Raoul mantenía los ojos cerrados, concentrándose en las sensaciones sobre su piel. El tacto de los labios ajenos, su pelo entre los dedos y los pequeños, casi imperceptibles círculos que Agoney dibujaba con sus pulgares sobre su piel. Si tuviese que elegir una manera en la que abandonar este mundo, elegiría esa y no otra. Se sentía en el cielo, profundamente amado y comprendido; cuidado y adorado, pero tratado como un igual.

- Amaia consiguió el suyo al poco de llegar aquí -tras guardar silencio durante unos minutos, Raoul volvía al ataque-. Estoy seguro de que no tendrá ningún inconveniente en darme su contacto.

- Raoul... -advirtió Agoney, cesando sus besos por un momento y levantando la mirada. El rostro de Raoul seguía igual de relajado, quizás un poco más ruborizado. Abrió los ojos para poder exponer su punto de vista de nuevo, apoyándose ligeramente en sus antebrazos para poder mirarlo con más facilidad.

- Tendría el pasaporte listo en un par de días. Y si se lo hacen a un replicante, no veo porqué no han de hacérselo a un humano. Aunque podemos no mencionarlo si crees que sería un problema.

- Sabes que eso no es... -se lo había explicado un centenar de veces, pero parecía no entenderlo, o no quererlo entender.

- Podemos hablar con Capde, él es el mejor informático y el mejor hacker -continuó el rubio, su dedos jugaban distraídos con la barba de Agoney-. Si borró mis datos, puede borrar los tuyos.

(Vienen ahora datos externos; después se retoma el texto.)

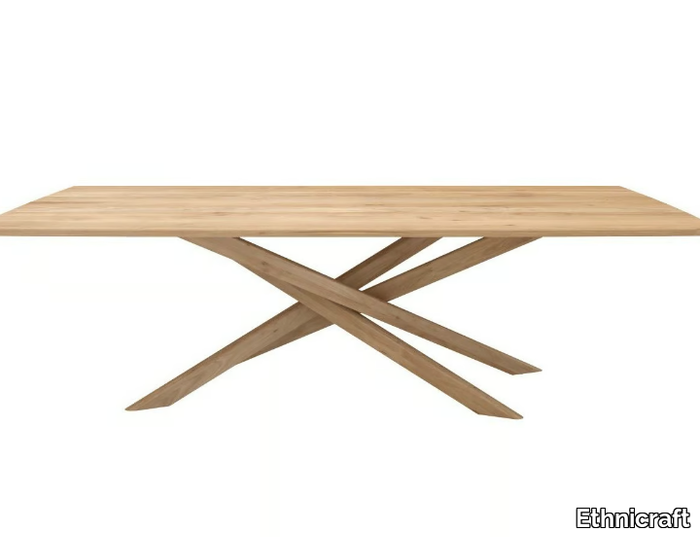 OAK MIKADO - Rectangular oak dining table _ Ethnicraft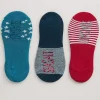 Seasalt Cornwall Socks & Tights<Women's Everyday Liner Socks Pack Of 3 Cloud Pattern Mix
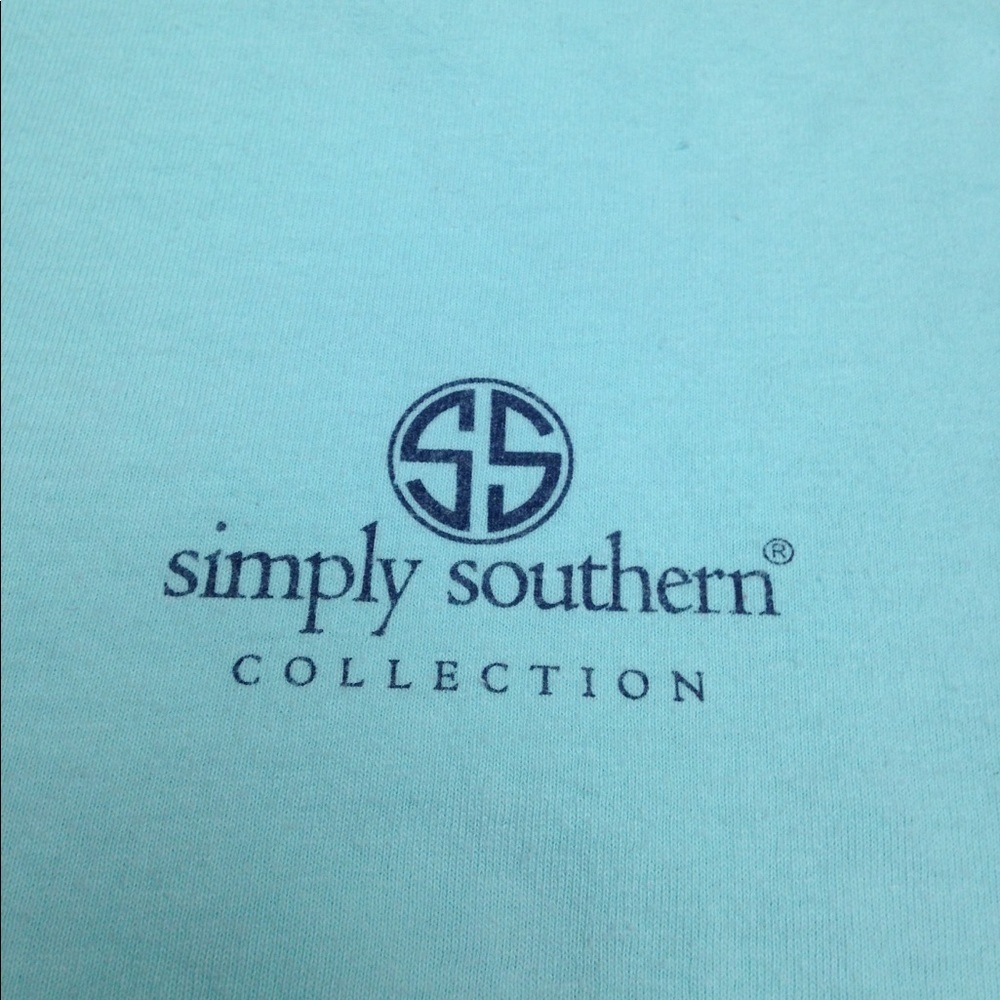 -SOLD-Simply Southern Short Sleeved Tee - Picture 4 of 4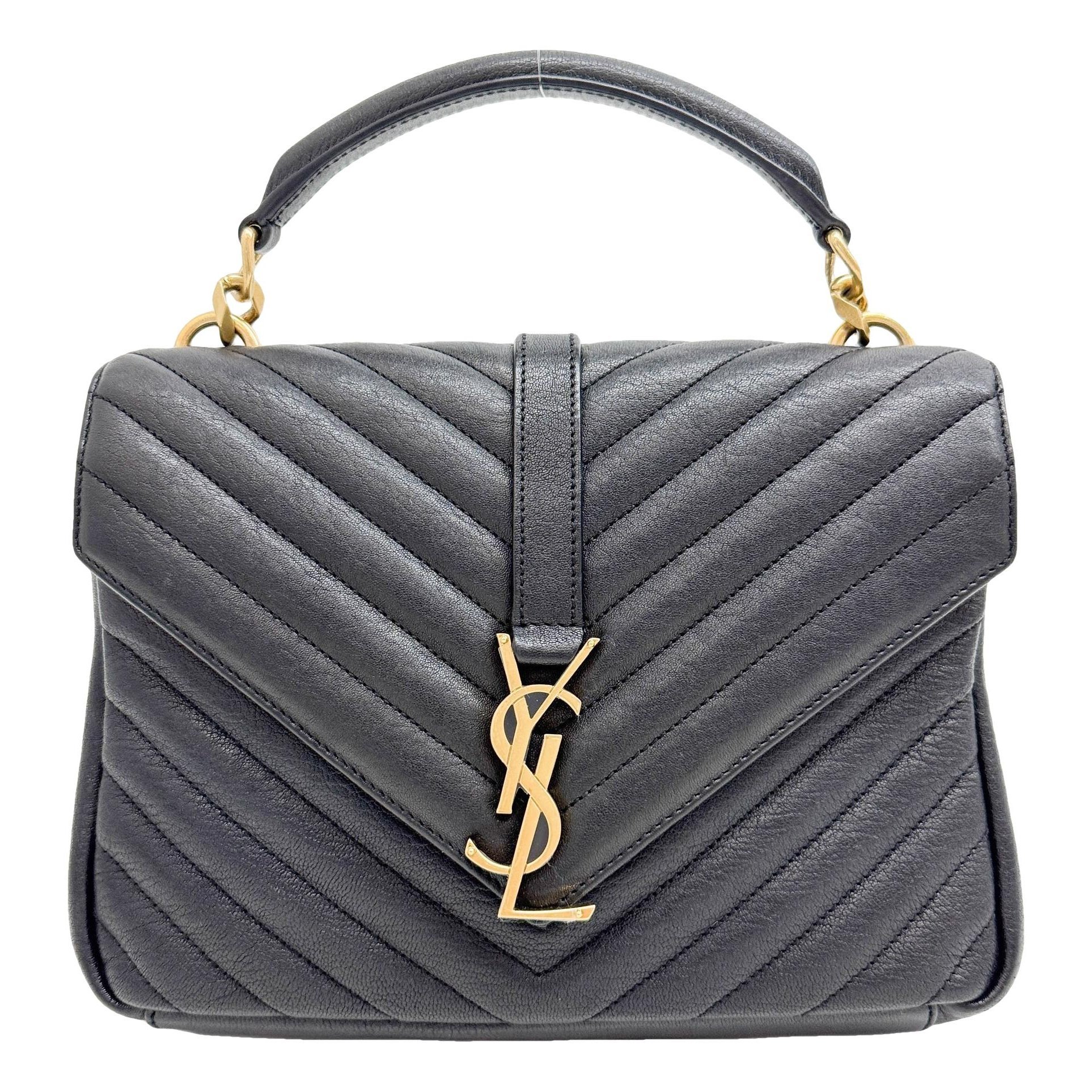 Collége monogramme leather handbag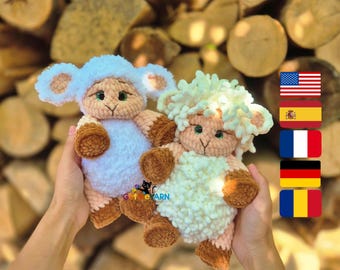 Woolsy the Fluffy Sheep – Crochet Plushie Pattern | Amigurumi PDF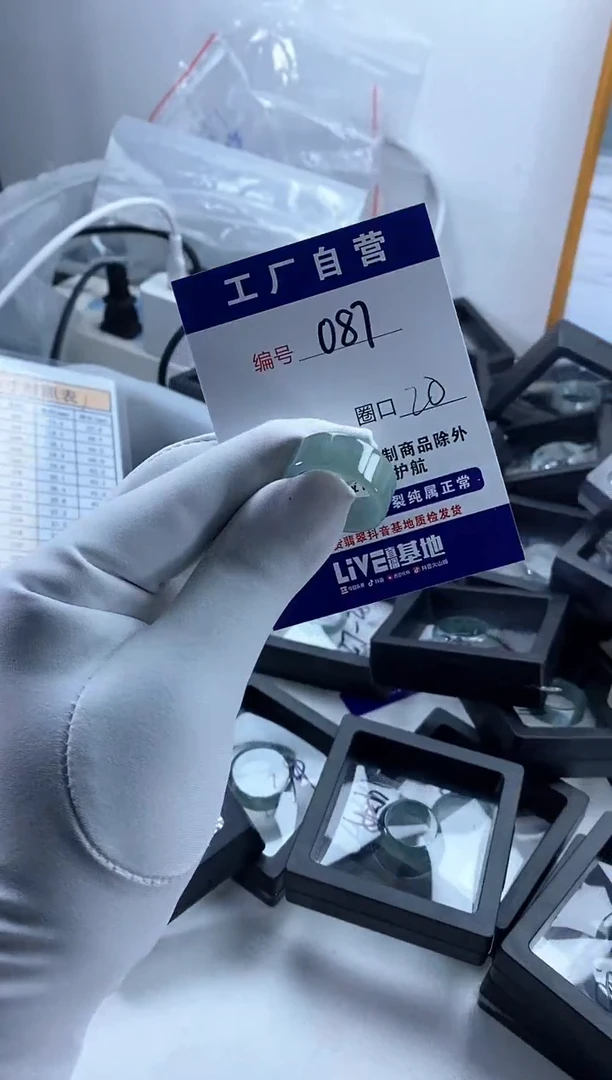 未镶嵌戒圈翡翠087
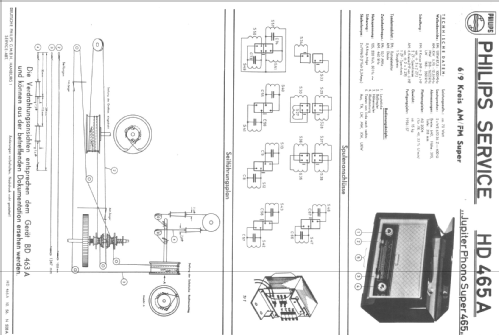 Jupiter-Phono-Super 465 HD465A; Philips Radios - (ID = 71423) Radio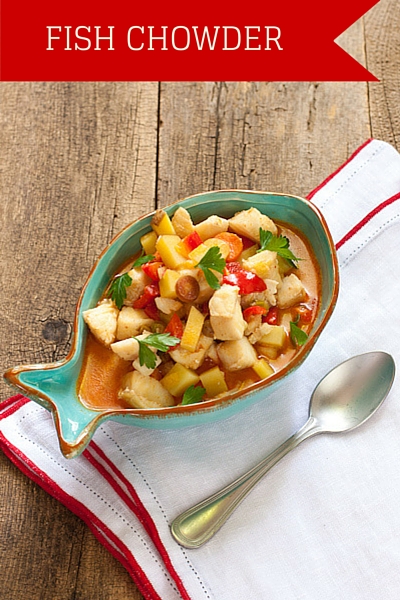 Quick fish chowder from Recipe Renovator | Gluten-free, paleo-friendly, dairy-free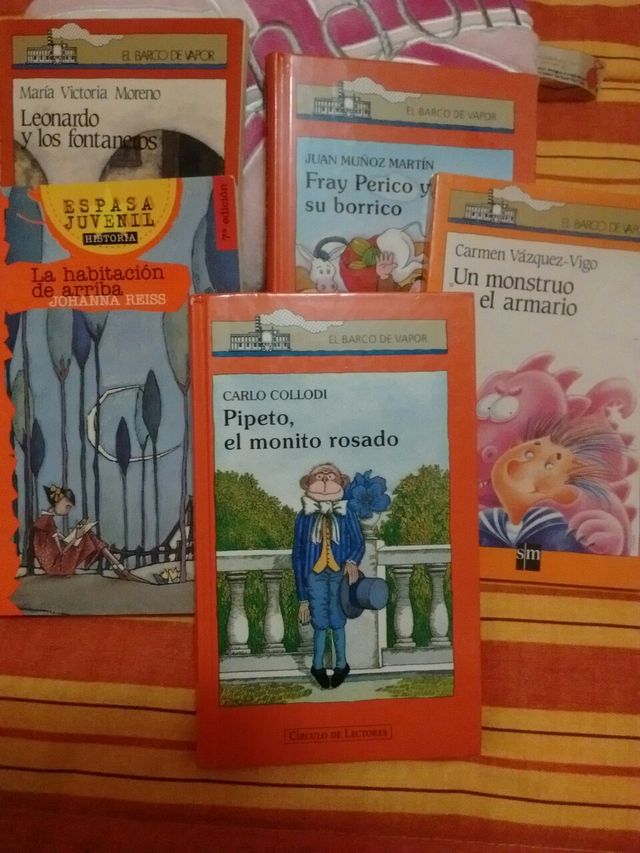 libros del barco de vapor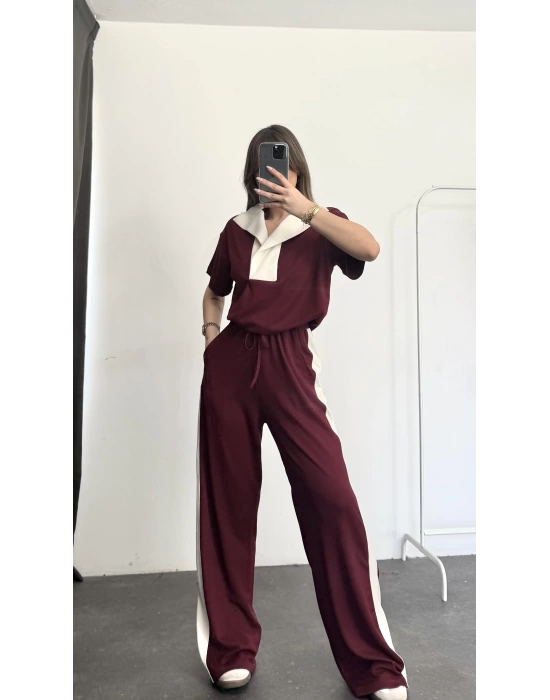 Polo Yaka Takım - Bordo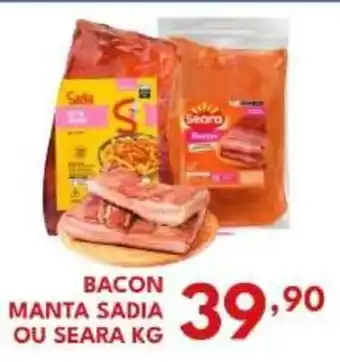 Bacon manta sadia ou seara kg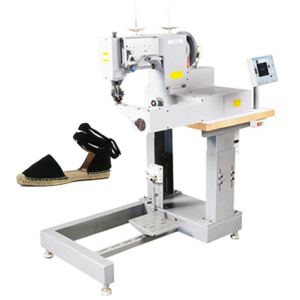 Espadrille Shoes Upper and Jute Sole Stitching Machine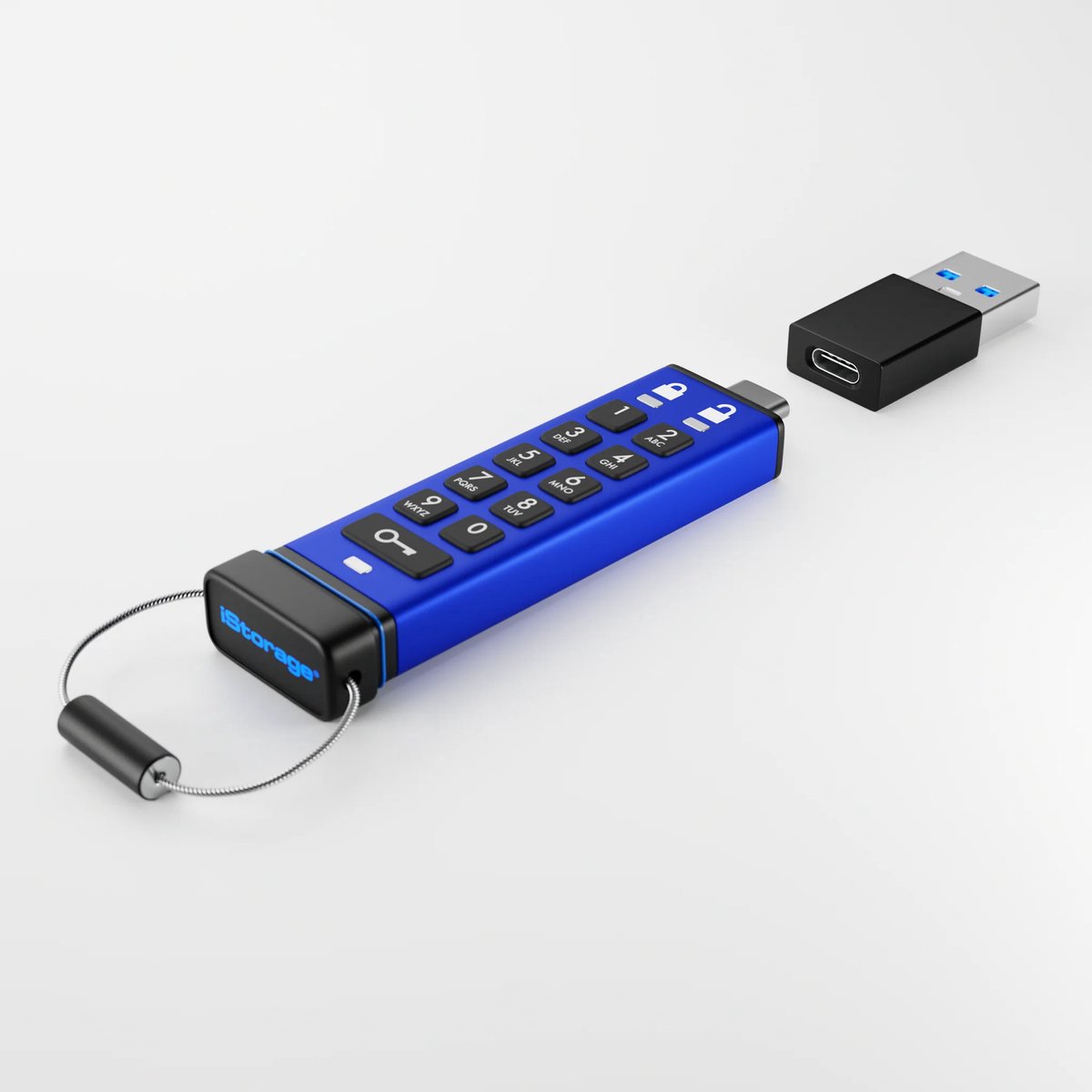 iStorage datAshur PRO+C - USB Stick - USB3.2 - 256-bit - 256GB – BeNeLux Edition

- Cariño -llamó, y aun con voz suave, Raoul entendió que debía dejarlo hablar. Agoney se impulsó con los codos, gateando hacia la almohada para estar a la misma altura que Raoul. Posó su manó sobre la mejilla ajena y le regaló un pequeño beso antes de volver a hablar-. Tus datos estaban en una base terrestre. En el archivo de la compañía que te creó, así como en el registro de sujetos dados de alta y en la base de datos de tu empleador. Un buen hacker puede llegar a esa información casi sin pestañear. Es cierto que hicieron un buen trabajo al corromper los datos y hacerlos completamente irrecuperables, eso no lo niego.